Neighborhood oasis gets a facelift

A local treasure is getting a facelift.

For two weeks in early December, Chollas Lake was closed to the public while City crews worked, spreading truck loads of gravel. The trail around the lake is a point-eight mile loop, popular among visitors, walkers and nature lovers. Crews were taking steps to prevent erosion during the coming El Niño rains.

“We’re covering the trail around the lake with road base, or gravel, to create a better walking environment for our users,” said Brian Anthony of the City’s Park and Recreation Department.

Another task? Removing dead trees; some of which date back to the early days of the park space in 1905.

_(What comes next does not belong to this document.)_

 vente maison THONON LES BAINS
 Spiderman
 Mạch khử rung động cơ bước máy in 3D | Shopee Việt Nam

“As you can see, we are in a wonderful old-growth Eucalyptus grove around the lake. It’s a wonderful place to walk; it’s shady,” said Anthony. “But unfortunately the tress do have a life span.”

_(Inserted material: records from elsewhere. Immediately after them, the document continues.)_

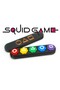 مجموعة ألعاب Gonggi Game 5 Stones إصدار الرمل الموزون - 6
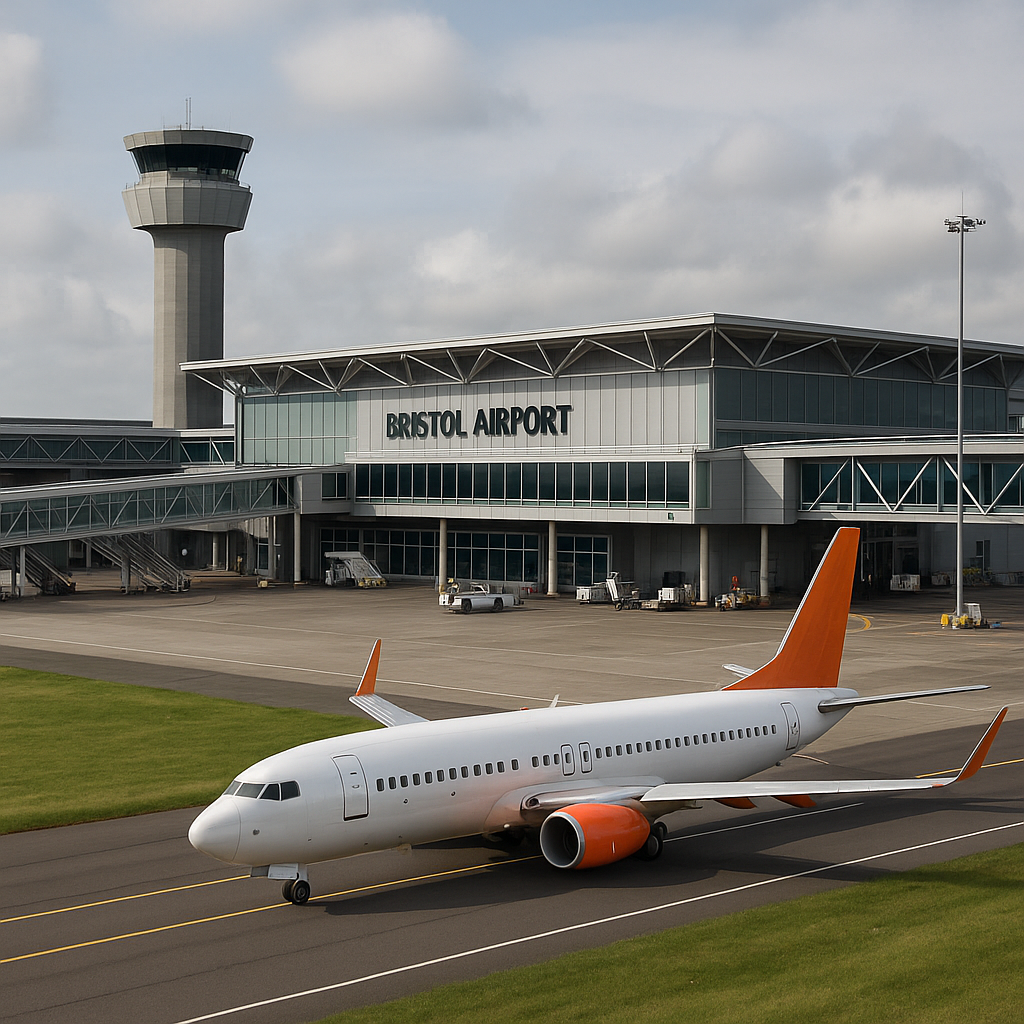 Port lotniczy Bristol – Wielka Brytania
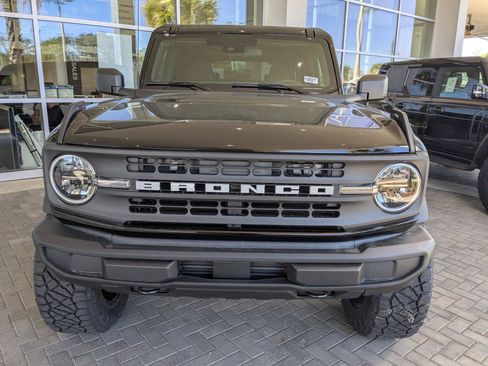 New 2025 Ford Bronco Big Bend AWD/4WD image 8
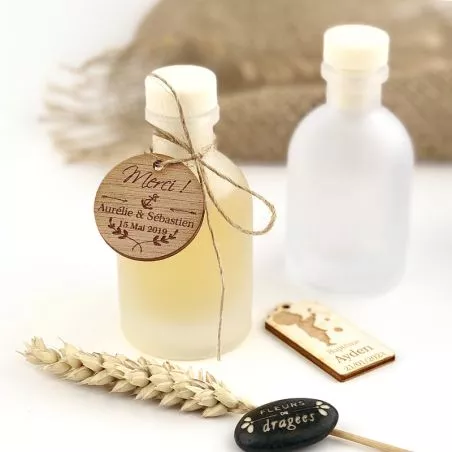 Mignonette vide Vintage Givré - 50ml Mignonette vide Vintage Givré - 50ml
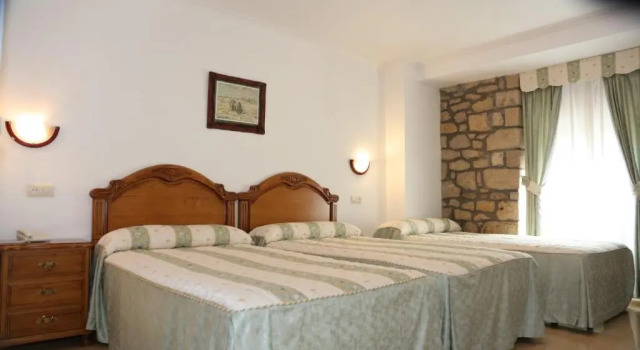 Номер Standard Hotel El Tilo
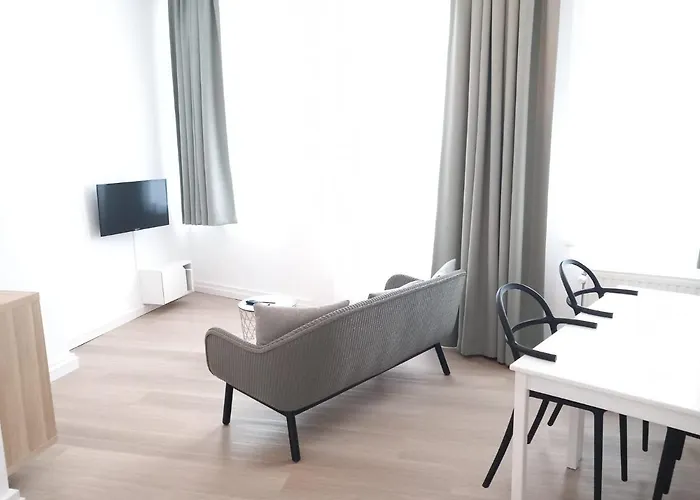 Flats Apartmán Brusel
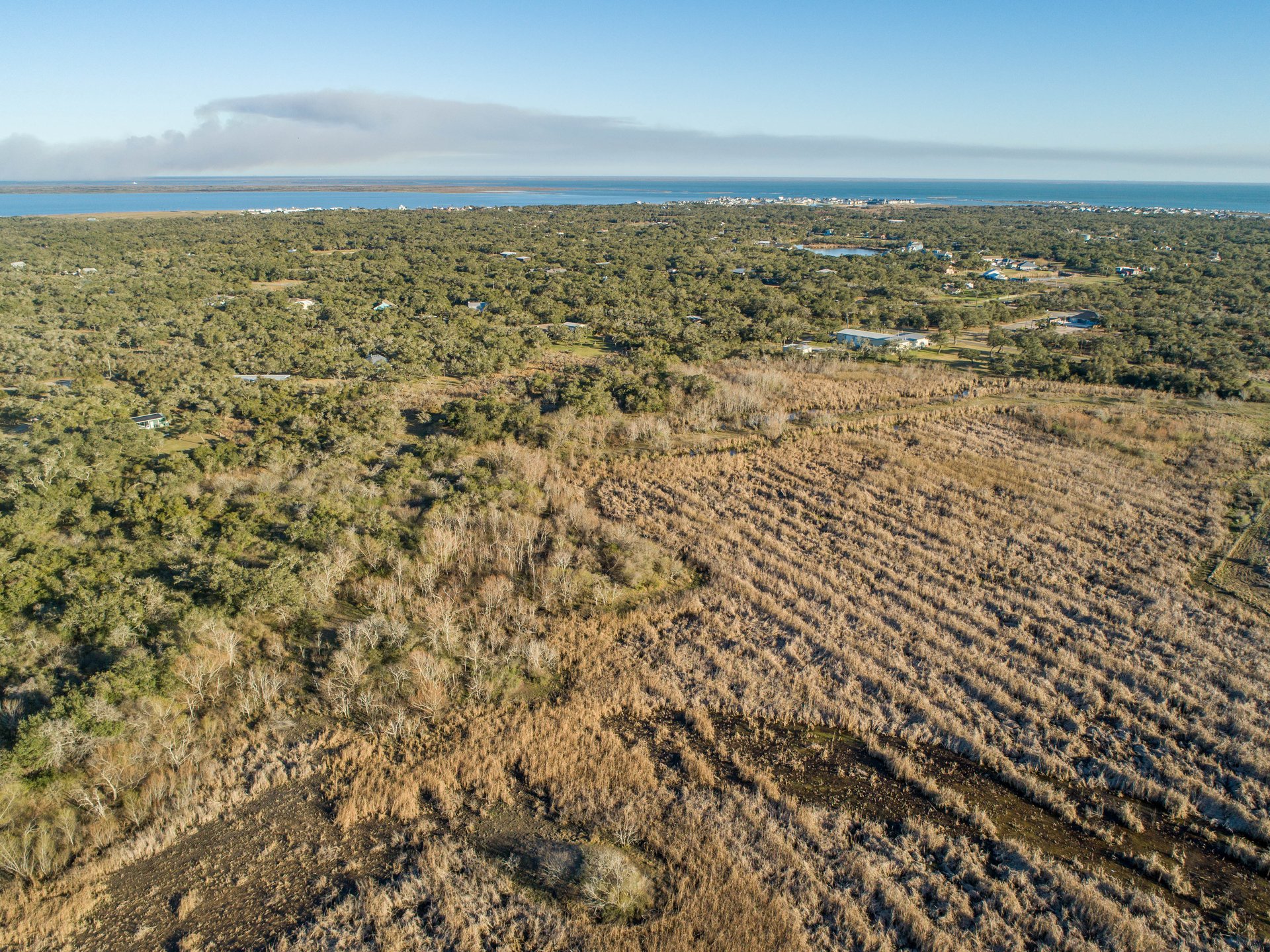 Lamar Peninsula Development Tract |  51.81± Acres | Aransas County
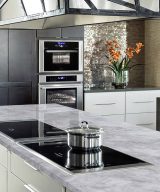 MSI Quartzite Countertops - Cristallo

He estimates that six fully grown trees have fallen in the past year, causing a potential danger to visitors.

It’s not just City staff hard at work. Community volunteers frequently help with maintenance across the 145 acres of Chollas Lake Park. The lake is stocked with bass, trout, and catfish, making it a popular spot for kids who want to learn how to fish. The fishing age is 15 years old and younger. Plans are also underway to replace or repair playground equipment and even resurrect a once-popular day camp.

Park Rangers describe the lake as an oasis within the bustling residential community of Oak Park.

“[Here] you’re able to enjoy the nature, the environment, see the birds,” said Park Ranger Ramon Duenas.

On Saturday, Dec. 12, the public was invited to a holiday celebration for the re-opening of Chollas Lake.